What you produce should be the lines from the line containing "Cassa karaoke 1000pmpo" through the last line below, both ends included, reproduced exactly and without pictures.

(SUPPLIED DATA begins)

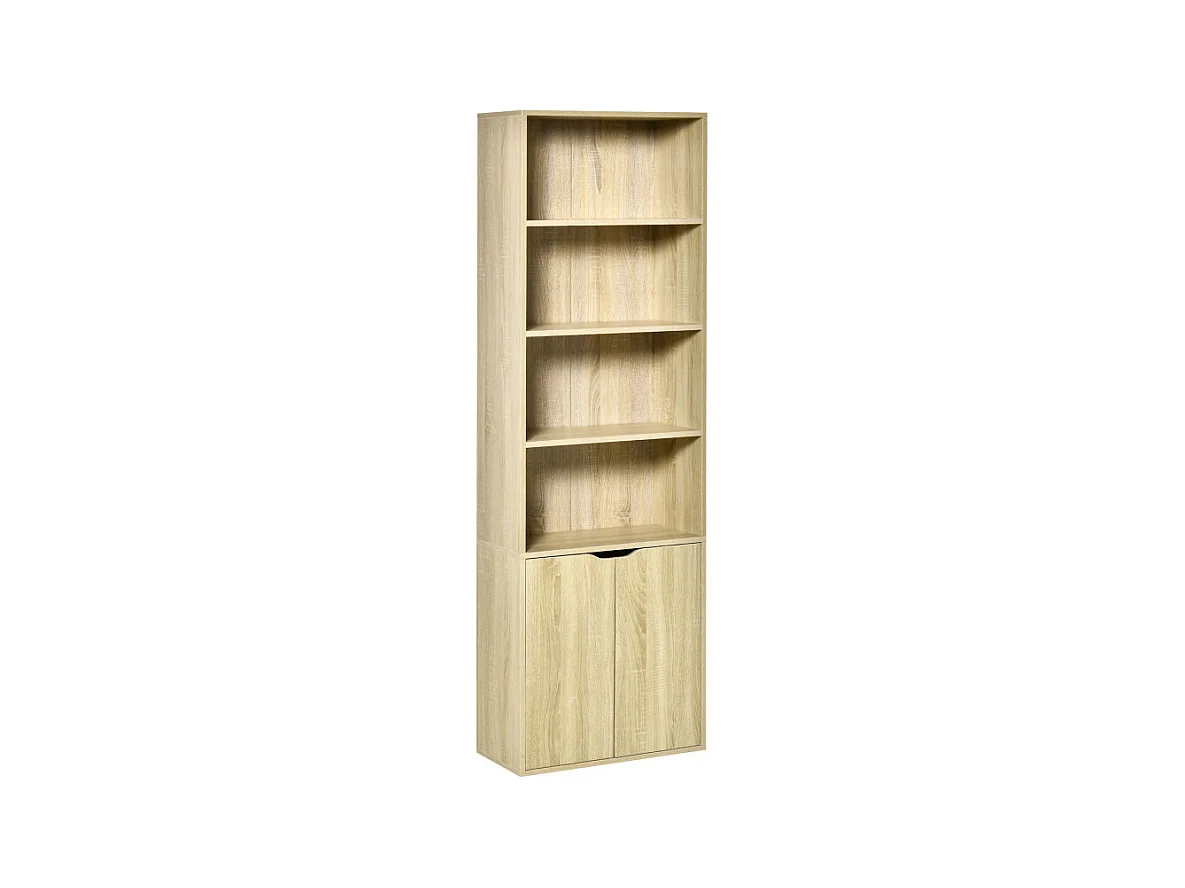 Bibliothèque étagère 180 cm armoire 2 portes KERRY effet bois clair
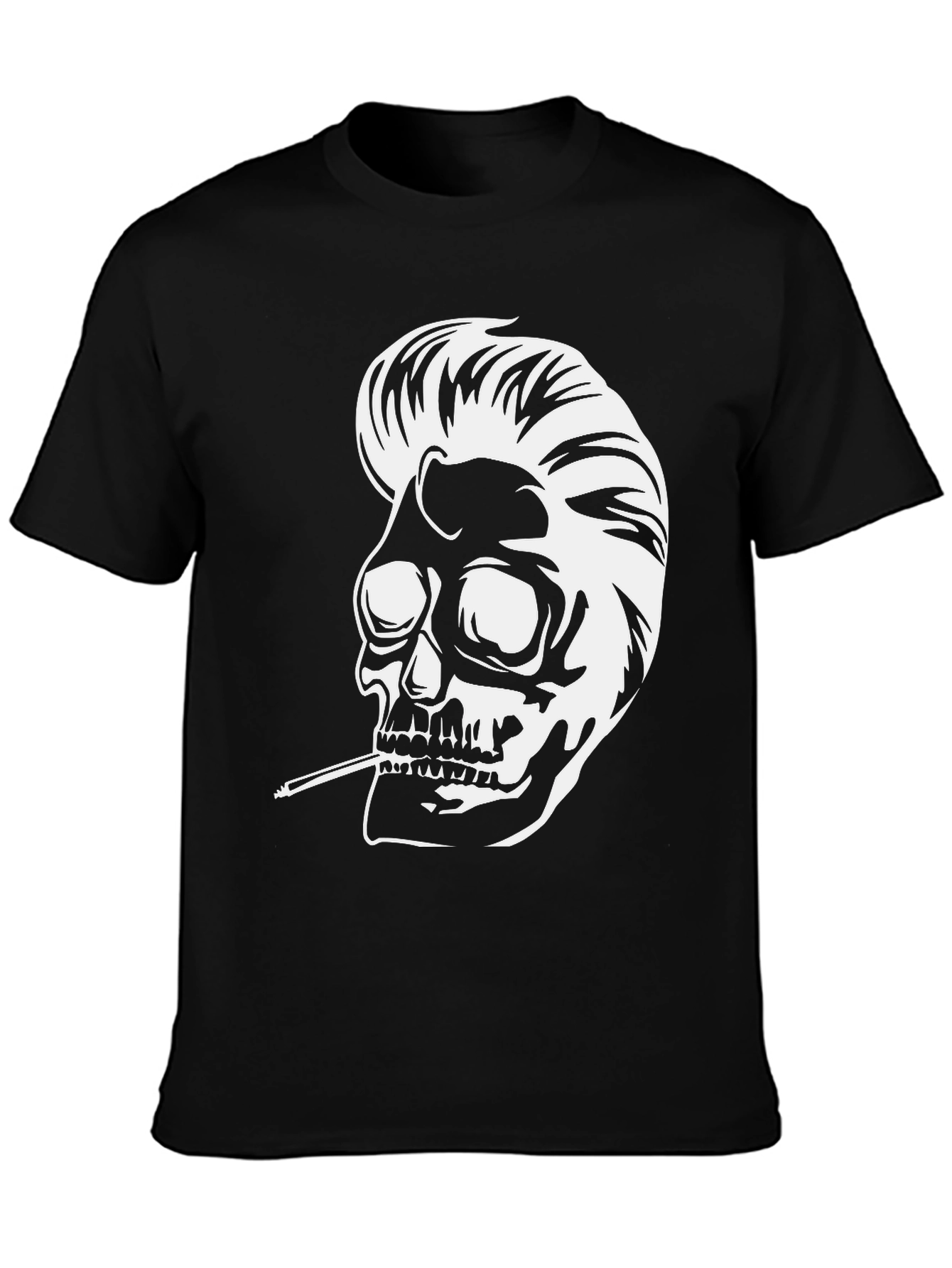Skull with Pompadour T-Shirt - Rockabilly Style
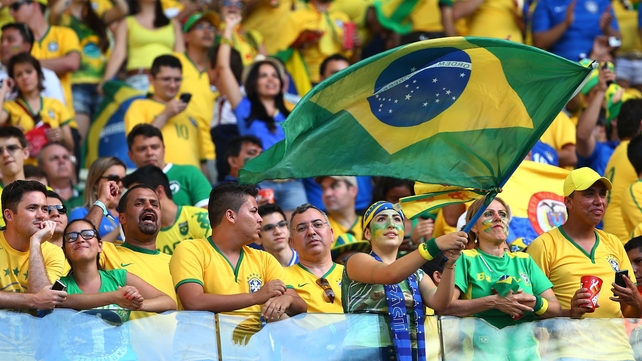 Brazilian fans packed the stadium in Fortaleza for their side's clash with Colombia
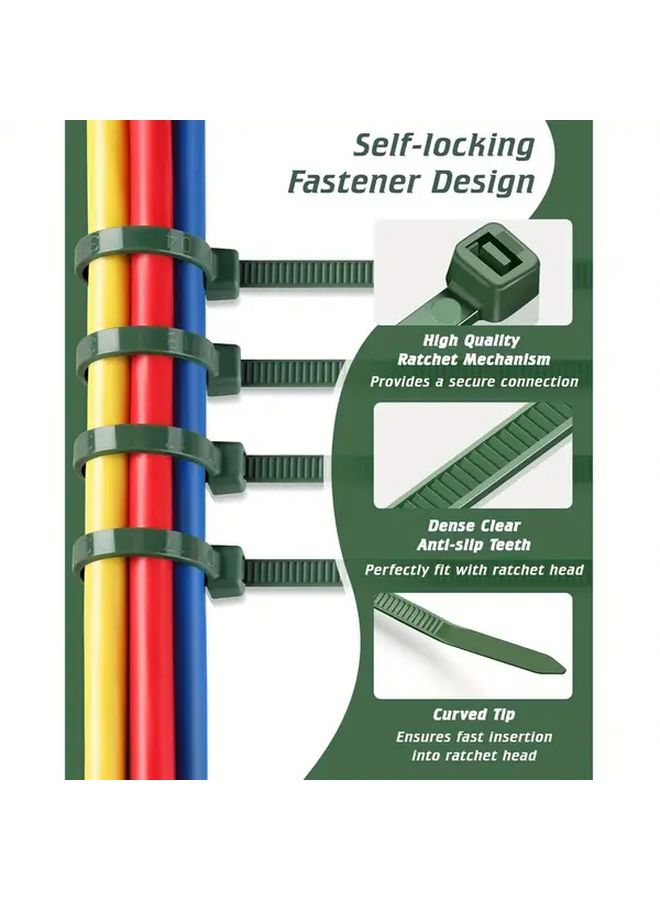 100 Pack Green Self Locking Zip Ties Durable Cable Ties For Gardening Fencing Christmas Tree Farming Grid And Wall Decoration No Battery Required - Image 4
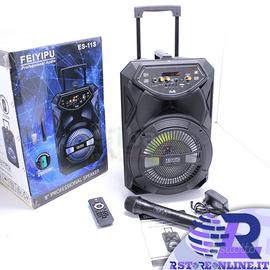 Cassa karaoke 1000pmpo sub 8″ con microfono wifi i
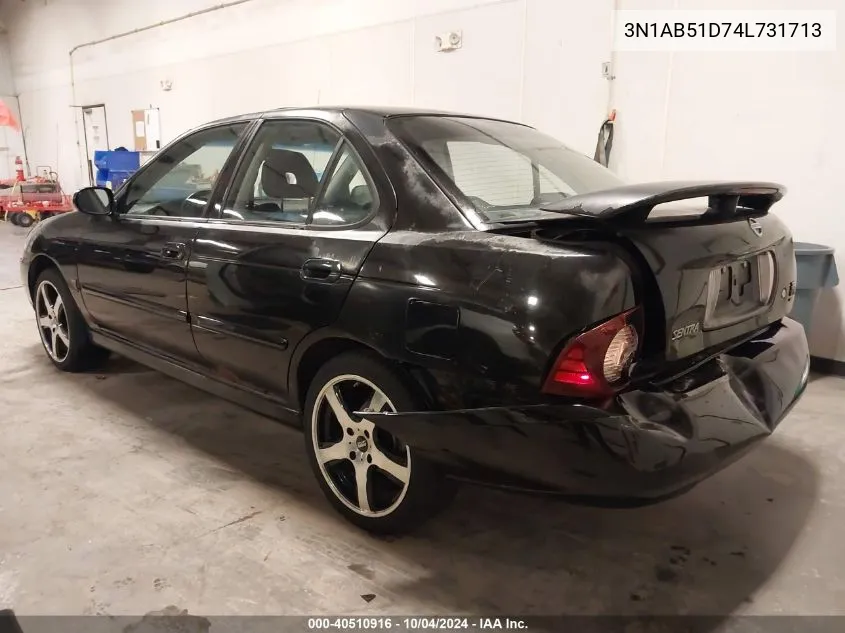 2004 Nissan Sentra VIN: 3N1AB51D74L731713 Lot: 40510916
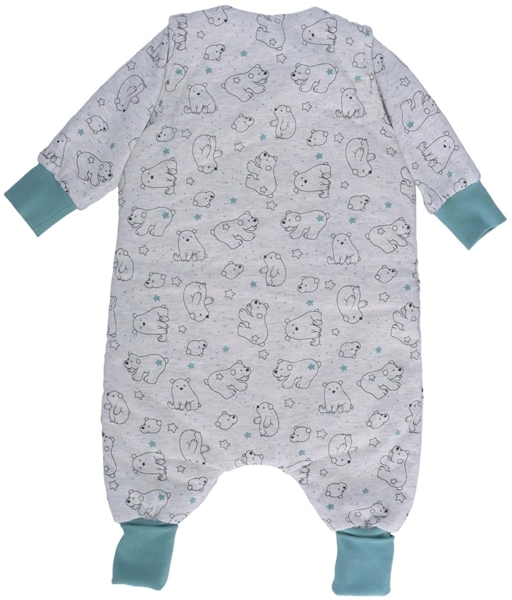 Sterntaler Baby Unisex Schlafsack mit Beinen Eisbär Elia - Baby Overall - beige meliert, 90cm Bild 4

(SUPPLIED DATA ends)

→ SOLUTION TO THE EXERCISE
 Cassa karaoke 1000pmpo sub 8″ con microfono wifi i
 2004 Nissan Sentra VIN: 3N1AB51D74L731713 Lot: 40510916
 Sterntaler Baby Unisex Schlafsack mit Beinen Eisbär Elia - Baby Overall - beige meliert, 90cm Bild 4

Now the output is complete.